Amazônia: Velhos e novos
instrumentos do saque
No inicio da invasão europeia
os índios eram tolerados porque os portugueses e espanhóis necessitavam deles
para localizar as riquezas de seu interesse e como mão-de-obra para
explorá-las. Mas na medida em que o invasor foi criando os seus próprios instrumentos
para localização e exploração das mesmas, foi dispensando os donos da casa e
ficou agressivo, criando leis e instrumentos de dominação. Dentre as leis a injusta
lei da propriedade privada da terra é simplesmente arrasadora para os povos
indígenas.
A brutalidade contra os povos
indígenas vem crescendo desde o início da colonização até hoje. No início
atingia as comunidades enquanto retirava principalmente os homens das aldeias
para escravizá-los aos interesses de exploração das riquezas descobertas e nas
fazendas. No período moderno uma classe desses descendentes europeus procura
simplesmente despojar os povos indígenas de seus territórios tirando-lhes todas
as condições de sobrevivência, cultural e física.

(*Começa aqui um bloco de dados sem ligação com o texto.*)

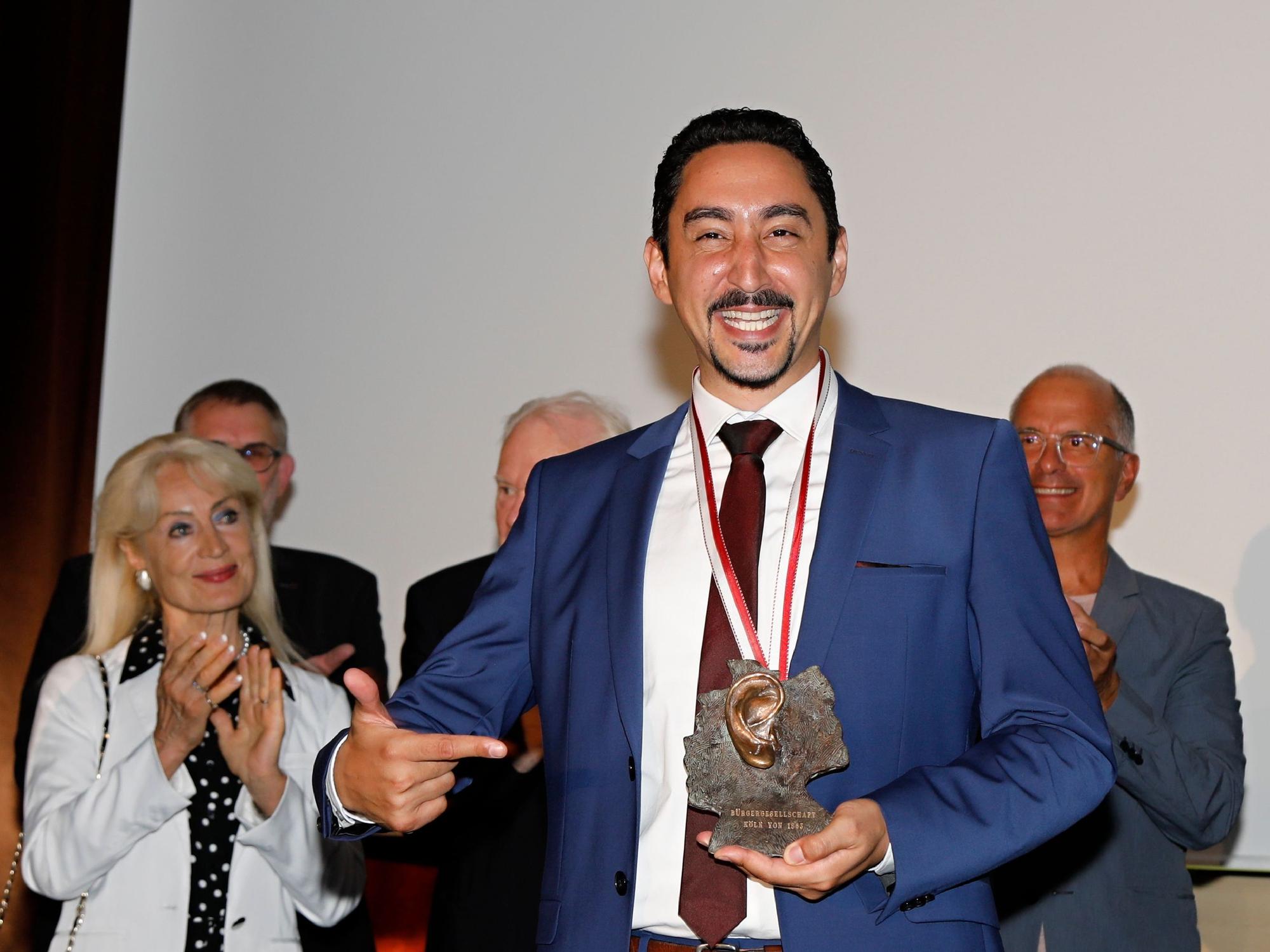 Rapper Eko Fresh hält einen Orden als Auszeichnung in der Hand.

Em meados do século XX todos os
rios já haviam sido explorados e foi preciso ir território adentro para
descobrir e espoliar os últimos depósitos das riquezas amazônicas. Agora os
espoliadores já dispõe de todos os instrumentos, leis favoráveis, mapeamento
das riquezas e maquinário para explorar o território, dispensando qualquer
colaboração autóctone para transpor os obstáculos que se apresentam.
Assim todos os governos,
ditatoriais e democráticos, começam a romper as florestas e o alto dos rios e
igarapés como se fossem “vazios demográficos”. A entrega dos empreendimentos
novos na Amazônia a empresas, ficções criadas pelo homem e por isso, sem
consciência e sem responsabilidade, alivia, aparentemente, a ciência congênita
ou consciência dos mandantes dos crimes atuais. E o almoxarifado da Amazônia começa
a ser conhecido e saqueado em todas as suas dimensões: terra, rios, peixes,
seixo, minerais, madeira, plantas medicinais, fontes energéticas... A gente que
está aí, “não existe mais” e se existe não deveria existir, porque é apenas
“estorvo do desenvolvimento”! A Zona Franca de Manaus, “vaca sagrada” dos
governantes de hoje, foi um dos instrumentos modernos mais eficazes criados
para desapropriar o povo Amazônida.
Em 1976, acompanhei o drama das
populações, indígena e seringueira do Acre, quando a Ditadura Militar entregou
os seringais a empresários sulistas, dispensando a mão-de-obra das famílias e
comunidades ali existentes e pressionando-as a saírem sem rumo. Em longa
caminhada entre o alto rio Purus e o Envira e na margem dos mesmos, encontrei
famílias perplexas e sem destino. Tentei convencê-las sobre os seus direitos.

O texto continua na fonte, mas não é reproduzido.